──────── Given data ────────
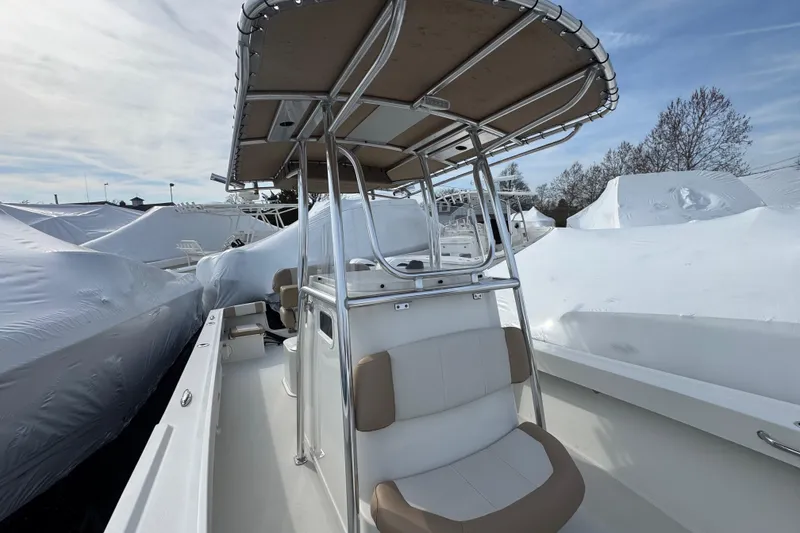 Slide: The Image of 2019 Parker 23 Special Edition boat with T-top, docked among covered vessels. - 6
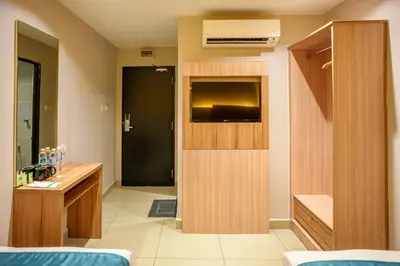 a room with a bathroom with a sink and a door at Alaxis Hotel in Kuala Lumpur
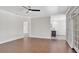 Spacious living room with wood floors, neutral paint and views into the kitchenette at 8623 Summerville Pl, Orlando, FL 32819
────────
* [What is being asked]: Go through the material above and retype every line exactly, without the images.

* [Reply to the exercise]:
 Slide: The Image of 2019 Parker 23 Special Edition boat with T-top, docked among covered vessels. - 6
 a room with a bathroom with a sink and a door at Alaxis Hotel in Kuala Lumpur
 Spacious living room with wood floors, neutral paint and views into the kitchenette at 8623 Summerville Pl, Orlando, FL 32819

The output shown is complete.